TASK DESCRIPTION: Before copying, find the line below that contains "Huntress (DC Universe) Custom Action Figure"; then return it and all later lines exactly, up to and including the final line, with no pictures.

GIVEN DATA:
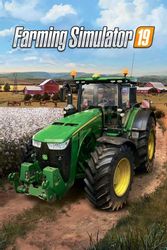 Игра GIANTS SOFTWARE Farming Simulator 19, для  ПК,  регион: Россия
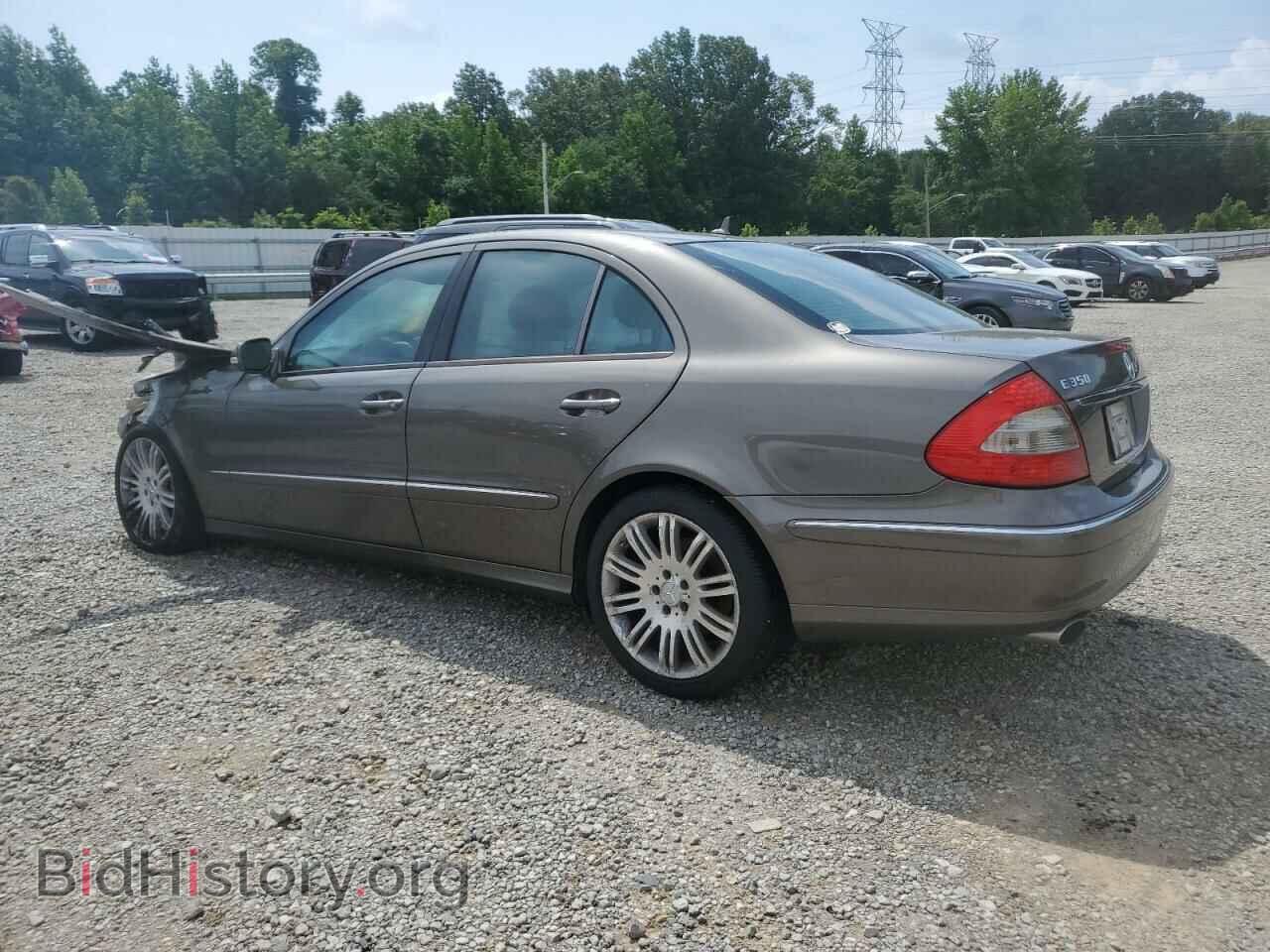 2008 MERCEDES-BENZ E-CLASS - VIN: WDBUF56X08B238706 - Фото 2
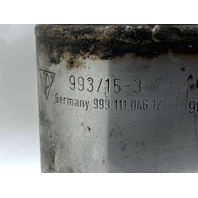 1995-1998 Porsche 911 993 Exhaust Muffler Right Left Pair 99311104511 OEM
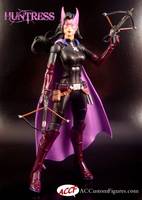 Huntress (DC Universe) Custom Action Figure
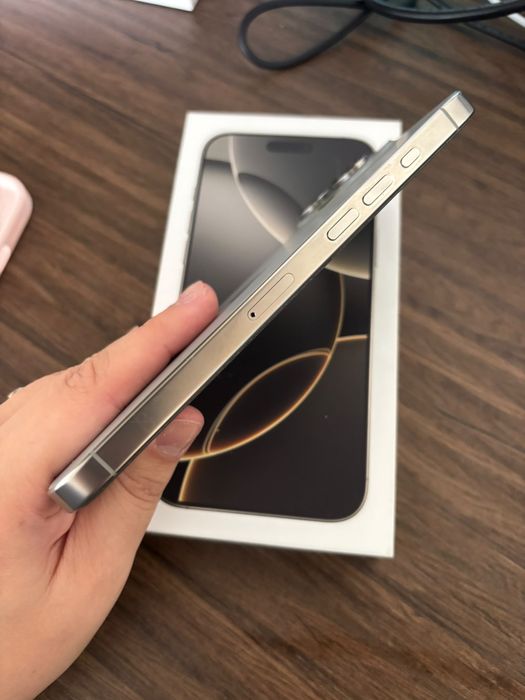 Iphone 16 Pro Max 256gb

ANSWER SECTION:
 Huntress (DC Universe) Custom Action Figure
 Iphone 16 Pro Max 256gb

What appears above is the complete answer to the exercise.